Cuando Jesús se refería a no juzgar (Mateo 7:1-5), lo hacía con un doble sentido:

a) En el sentido de juzgar condenando y maldiciendo como si el Juicio Divino nos perteneciera a nosotros. Ni siquiera el arcángel Miguel tuvo tal atrevimiento, ni aun contra el diablo: “No se atrevió a proferir juicio de maldición contra él, sino que dijo: El Señor te reprenda” (Judas 8-9). Solo Dios conocen las intenciones del corazón y Él las juzgará en exclusiva (cf. 1 Co. 4:5).
b) En el sentido de no hacer juicios con ligereza como los que llevaban a cabo los hipócritas fariseos, que se consideraban superiores al resto de la sociedad.

Teniendo estos dos aspectos claros, tenemos que saber que podemos juzgar. Es más, debemos hacerlo. De ahí las otras palabras de Jesús:“No juzguéis según la apariencia, sino juzgad con justo juicio” (Jn. 7:24). Es la otra cara de la misma moneda. De ahí que se nos exhorte a juzgar:

- Toda enseñanza (cf. Hch. 17:11).
- Todo espíritu (cf. 1 Jn. 4:1).
- Toda profecía (cf. 1 Co. 14:29).
- A todo aquel que se hace llamar “apóstol” (cf. Ap. 2:2).

Por lo tanto, en el significado que hemos visto, no podemos juzgar el corazón de una persona en términos condenatorios, pero sí sus acciones y palabras, al igual que muchas historias bíblicas exponen el pecado. Sabiendo esto, podemos juzgar como pecaminosa la actitud de un hermano que está en yugo desigual, que ha caído en adulterio, que ha mentido una y otra vez o que está enseñando una herejía, entre otras muchas cosas; no con la intención de condenarle, sino de corregirle.
Es un gravísimo error “juzgar” a un hermano por su mayor o menor asistencia a las reuniones eclesiales o por el número de actividades o ministerios en los que participa. Y lo que es peor: muchas veces se hace sin conocer realmente a esas personas, como sus circunstancias, su día a día, su verdadero carácter y sin saber las obras bíblicas que lleva a cabo sin llamar la atención. Esta manera de enjuiciar es legalismo puro y duro, y hay que evitarlo a toda costa.

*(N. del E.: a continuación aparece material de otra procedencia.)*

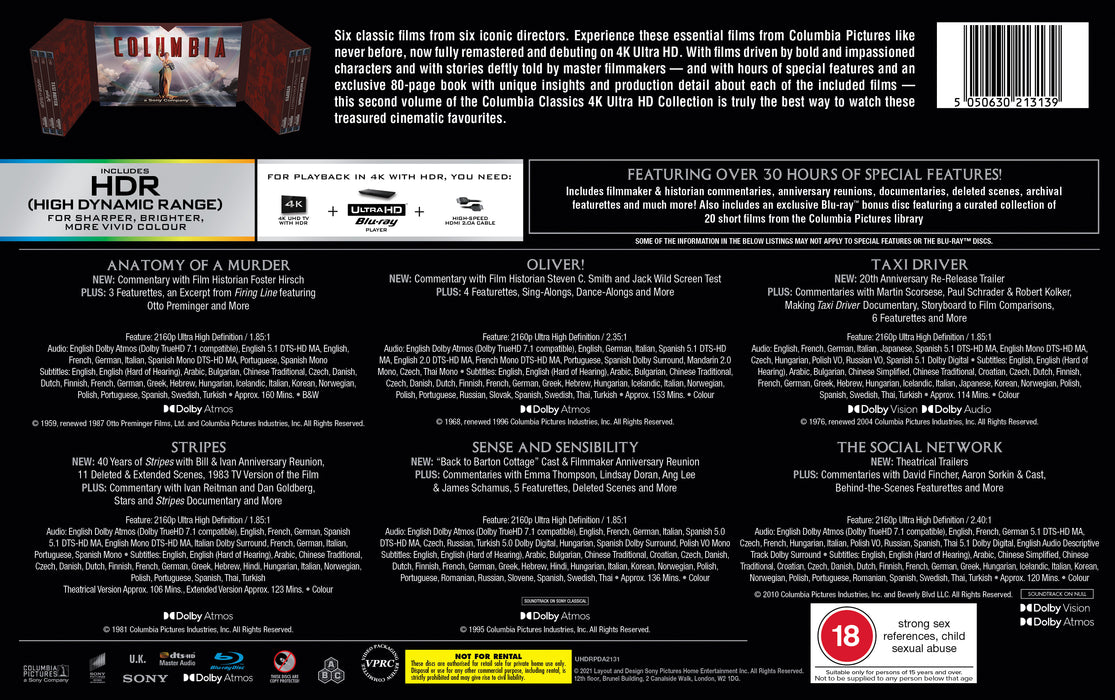 Columbia Classics Collection Volume 2 Limited Edition  4K Ultra Hd + Blu-Ray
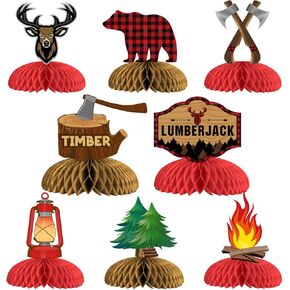 8pcs Decortings Lumberjack Table Decoritions ، Buffalo Plaid Honeycomb Centerpieces Lumberjack Bear Campfire 3D Table Table Honeycomb Form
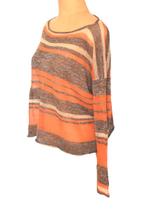 Stefanel licht doorschijnend truitje, zalm/grijs, Mt. S, Overige kleuren, Verzenden, Zo goed als nieuw, Maat 36 (S)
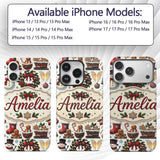 Cute Christmas Wreath Snowman Gingerbread Cookies Custom Name Protective Phone Case Mobile Cover Durable Everyday Smartphone Shock Resistant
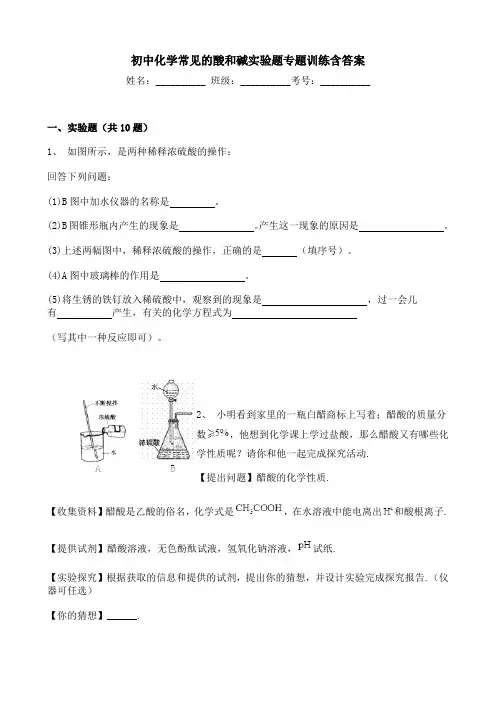 初中化学常见的酸和碱实验题专题训练含答案
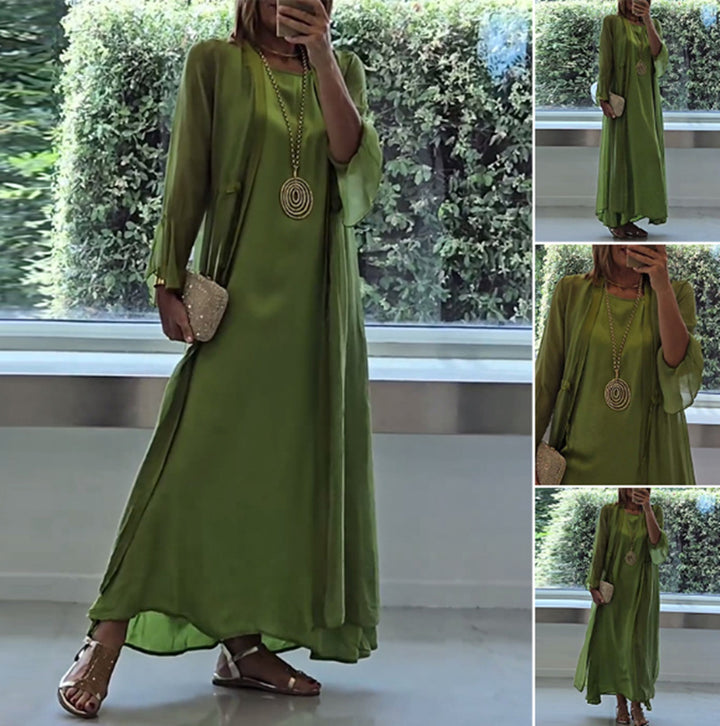 Ladies nan elegant layered evening dress with padded inner dress, transparent chiffon overlay and waist-adjustable ribbons Mune Fashion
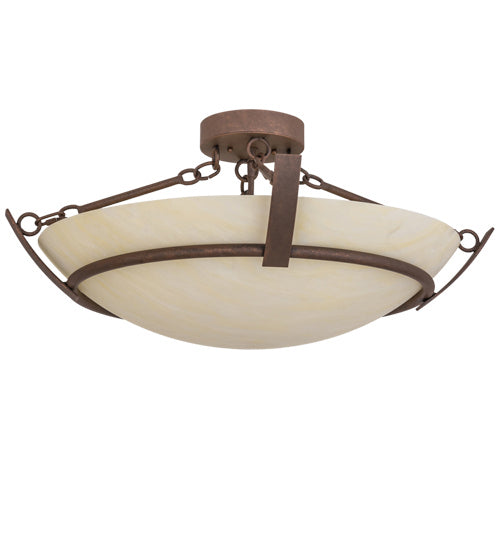 Meyda Tiffany 245697 Four Light Semi-Flushmount, Antique Rust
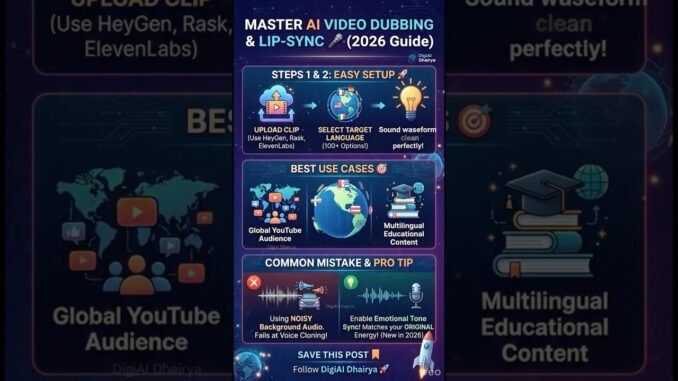How to Dub Your Videos in Any Language with AI (2026 Tutorial) 🌍 #shorts #learnai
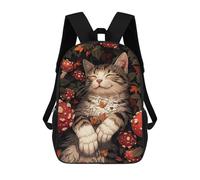 sinyumoney Sac À Dos Scolaire Cat Sleeping in Autumn Leaves Sac À Livres Pour Garçons Et Filles Sac D'école Sac Pour L'université Sac De Voyage D'affaires Sac De Travail 17inch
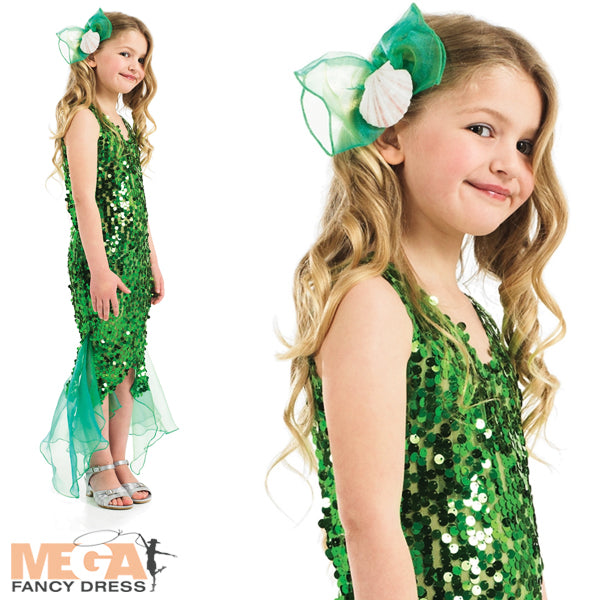 Girls Little Mermaid Fairytale Book Character Fancy Dress Costume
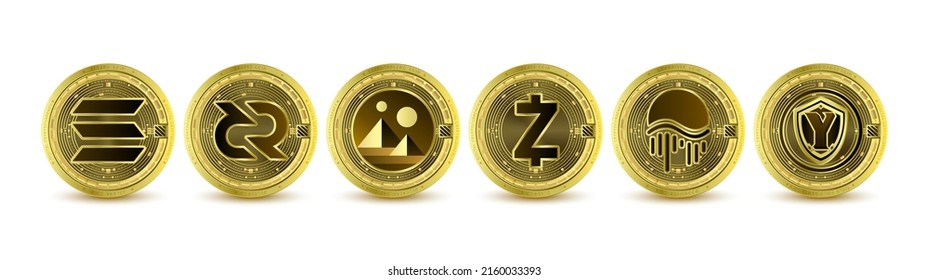 Golden token cryptocurrency. Future currency on blockchain stock market digital online. Coins crypto currencies Solana, Decentraland, Zcash, Moonriver, Yield Guild Games, Decred. Isolated Vector.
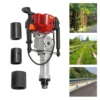 52CC T Post Driver Piledriver 2 Stroke Pile Driver Hammer Fence Post Driver Single Cylinder Air-Cooling w/ 3 Post Driving Head 1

Las maneras y las formas a la hora de juzgar
La línea que separa juzgar y juzgar en términos condenatorios es muy fina, pero si la conocemos será muy fácil juzgar correctamente. Uno de los errores más habituales a la hora de hacerlo es usar el menosprecio, la burla o el sarcasmo. No es lo mismo “reírse con” que “reírse de”. Estas actitudes sí son pecaminosas y un área que todos tenemos que revisar en nuestras propias vidas. Para que una crítica sea noble hay que eliminar todo componente peyorativo. De lo contrario, estaremos en la misma categoría de lo que estamos juzgando. Por citar algunos ejemplos muy sencillos y humanos de la vida cotidiana: podemos juzgar sobre la comida de un restaurante, sobre el servicio ofrecido, sobre deportes, sobre un libro, una película, una canción, sobre un traje de boda y mil asuntos más. Un juicio de valor negativo no conlleva per se nada malo, por la sencilla razón de que tenemos derecho a estar en desacuerdo. El problema reside cuando vilipendiamos al cocinero, al camarero, al deportista, al escritor, al actor, al cantante o a la novia. Eso es lo que se debe evitar y cambiar. 

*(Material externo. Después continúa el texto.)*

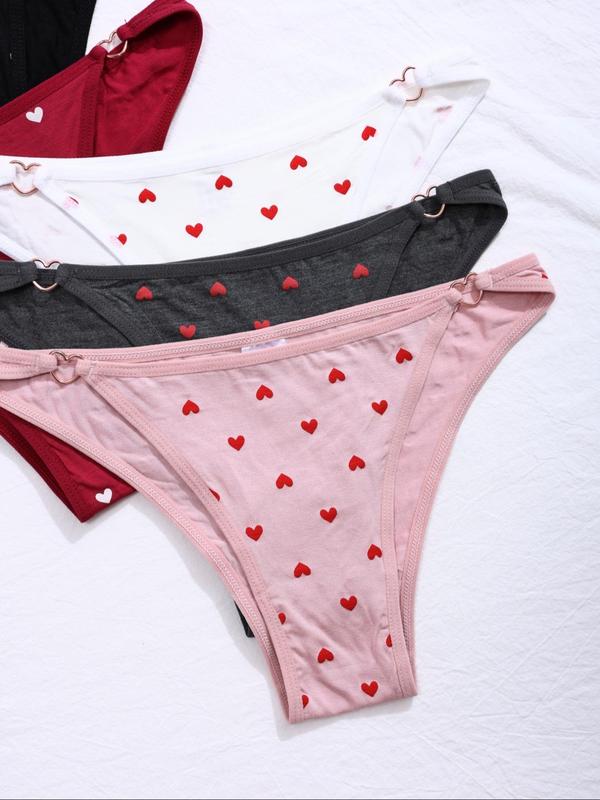 Women's Plain Heart Print Ring Linked Panty, Cute Soft Comfy Breathable Knicker for Daily Wear, Underwear for All Seasons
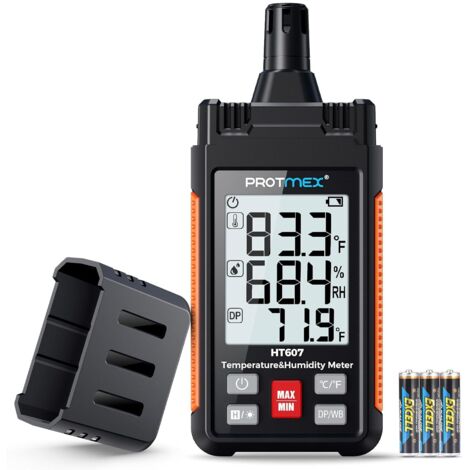 HT607 Mini igrometro digitale ad alta precisione con igrometro ambientale, umidità relativa, punto di rugiada, termometro a bulbo umido, mantenimento minimo/massimo, retroilluminazione LCD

Teniendo en mente la película de la que hemos hablado y todo lo que hemos analizado, empecemos a cambiar nuestra manera de juzgar. Hagámoslo correctamente usando la objetividad, la razón y la justicia, en lugar de dejarnos llevar por nuestra impulsividad. De lo contrario, mejor será que guardemos silencio. Dejemos ya de ir de cacería de cristianos.